PROBLEM REQUIREMENTS: Using the material that follows, output exactly the lines from the one containing "Saint Laurent Paris" through the one containing "Spraykis | Men's", with both ends kept.

RECORD EXCERPTS:
----
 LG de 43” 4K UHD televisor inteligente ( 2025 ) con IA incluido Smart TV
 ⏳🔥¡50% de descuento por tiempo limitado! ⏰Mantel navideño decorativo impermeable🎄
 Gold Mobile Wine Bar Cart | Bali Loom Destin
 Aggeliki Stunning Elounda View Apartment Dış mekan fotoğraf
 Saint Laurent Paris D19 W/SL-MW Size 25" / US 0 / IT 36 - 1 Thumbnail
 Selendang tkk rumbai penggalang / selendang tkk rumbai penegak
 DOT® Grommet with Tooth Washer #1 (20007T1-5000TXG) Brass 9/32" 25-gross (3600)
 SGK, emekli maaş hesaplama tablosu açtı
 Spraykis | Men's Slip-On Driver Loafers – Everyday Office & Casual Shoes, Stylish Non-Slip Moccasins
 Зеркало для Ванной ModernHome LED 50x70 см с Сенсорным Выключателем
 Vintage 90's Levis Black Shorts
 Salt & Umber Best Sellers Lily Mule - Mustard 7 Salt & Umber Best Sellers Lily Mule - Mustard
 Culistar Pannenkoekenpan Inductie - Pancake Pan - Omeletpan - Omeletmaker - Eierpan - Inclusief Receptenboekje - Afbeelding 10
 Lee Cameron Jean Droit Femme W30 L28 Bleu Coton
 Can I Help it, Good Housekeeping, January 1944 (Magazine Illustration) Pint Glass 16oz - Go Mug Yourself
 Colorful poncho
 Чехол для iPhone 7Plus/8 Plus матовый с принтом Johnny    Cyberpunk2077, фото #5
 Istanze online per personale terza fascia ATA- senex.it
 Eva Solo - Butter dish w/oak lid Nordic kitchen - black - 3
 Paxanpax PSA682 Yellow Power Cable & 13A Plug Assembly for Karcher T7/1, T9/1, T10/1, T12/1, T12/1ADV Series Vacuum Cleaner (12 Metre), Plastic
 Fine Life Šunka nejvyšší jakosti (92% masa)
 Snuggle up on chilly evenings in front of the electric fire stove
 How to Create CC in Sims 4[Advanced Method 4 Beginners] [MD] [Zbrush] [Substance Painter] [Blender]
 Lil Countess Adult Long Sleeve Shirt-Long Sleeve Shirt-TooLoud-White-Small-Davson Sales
----
EXPECTED ANSWER:
 Saint Laurent Paris D19 W/SL-MW Size 25" / US 0 / IT 36 - 1 Thumbnail
 Selendang tkk rumbai penggalang / selendang tkk rumbai penegak
 DOT® Grommet with Tooth Washer #1 (20007T1-5000TXG) Brass 9/32" 25-gross (3600)
 SGK, emekli maaş hesaplama tablosu açtı
 Spraykis | Men's Slip-On Driver Loafers – Everyday Office & Casual Shoes, Stylish Non-Slip Moccasins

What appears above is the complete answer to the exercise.